Hemoglobin A1c (HbA1c or A1c) provides a complete picture of the individual's blood sugar regulation as it measures the average amount of glucose in the bloodstream over three months. HbA1c is measured in percentages:

Prediabetes: HbA1c level between 5.7% and 6.4%

Diabetes: HbA1c level at 6.5% or above

Two commonly ordered follow-up tests are fasting insulin and LDH.

Fasting Insulin

Fasting Insulin is used to assess insulin production; if elevated, this could indicate insulin resistance.

Normal fasting insulin reference ranges are quite broad, 2.6-24.9 mcIU/ml. Still, research has correlated fasting insulin levels over 7 as associated with a significant increase in future risk of metabolic syndrome and type II diabetes.  

LDH

LDH (lactate dehydrogenase) This enzyme, when decreased, can indicate that glucose is not getting into the cell and can indicate insulin resistance.  

Other Useful Labs

Markers for metabolic syndrome, also called Syndrome X, are important in assessing overall metabolic health and glucose regulation. Metabolic syndrome is a collection of symptoms seen in prediabetes and diabetes that increase the likelihood of cardiovascular disease involvement.

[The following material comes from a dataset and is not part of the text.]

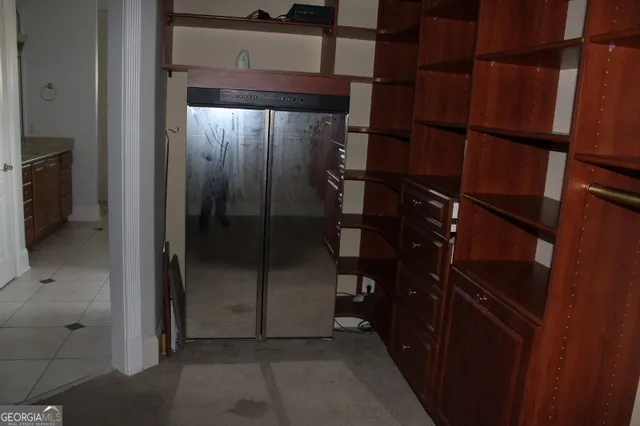 a kitchen with stainless steel appliances granite countertop a sink window and cabinets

  • Elevated triglycerides > 110
  • Elevated cholesterol > 220
  • Decreased HDL <55
  • Elevated blood pressure higher than 120/80
  • Obesity with BMI >30

Lipid Panel

This panel includes cholesterol, triglycerides, and HDL and can be used to assess cardiovascular risk.

Liver Enzymes & CMP

Increased levels of liver enzymes (aspartate aminotransferase (AST), alanine aminotransferase (ALT), and γ-glutamyltranspeptidase (GGT)) included in a liver panel or a comprehensive metabolic panel are indicators of hepatocellular injury. Increased activity of these markers is associated with insulin resistance, metabolic syndrome, and type 2 diabetes.

Comprehensive Stool Test

A healthy gut microbiome is essential for blood sugar control and weight management. A Comprehensive Stool Test detects microbial imbalances, microbes contributing to illness, and indicators of digestion, absorption, inflammation, and immune function. It is also helpful for assessing digestive function before making significant dietary changes. If a person is not digesting fats and proteins, it will be challenging to adapt to a lower carbohydrate diet. In addition, the GI-MAP includes a few markers related specifically to blood sugar:

  • Akkermansia muciniphila- Low levels are associated with obesity and metabolic dysfunction.
  • Bacteroidetes and Firmicutes- An abnormal result in either phylum suggests imbalanced normal microbes in the GI tract. High Firmicutes and low Bacteroidetes (resulting in a high F/B ratio) indicate a microbial imbalance, which may be related to increased caloric extraction from food, fat deposition and lipogenesis, impaired insulin sensitivity, and increased inflammation.

[signup]

Approaches to Support Type 2 Diabetes Management

Although type 2 diabetes is very common, it should be noted that complications from this condition can be serious. Diabetes is the 7th leading cause of death. It has a higher associated risk of blindness, Alzheimer's, kidney issues, heart disease, stroke, and peripheral neuropathy (that can lead to complications in toes, feet, or legs). Catching insulin resistance early is critical. Once metabolic syndrome exists, it becomes even more challenging to manage, and a comprehensive approach involving lifestyle, stress, and dietary strategies is needed.

Nutrition

People with hypoglycemia and diabetes are encouraged to introduce changes slowly. The primary goals are to support stable blood glucose levels.

Small changes in the types of foods should be considered at this time:

  • Avoid processed sugar
  • Choose nutrient-dense carbohydrates
  • Include anti-inflammatory foods, avoid fried foods and hydrogenated fats
  • Consider a whole-foods diet that suits the individual's lifestyle the best (ex. paleo, Mediterranean, anti-inflammatory, diabetic diet)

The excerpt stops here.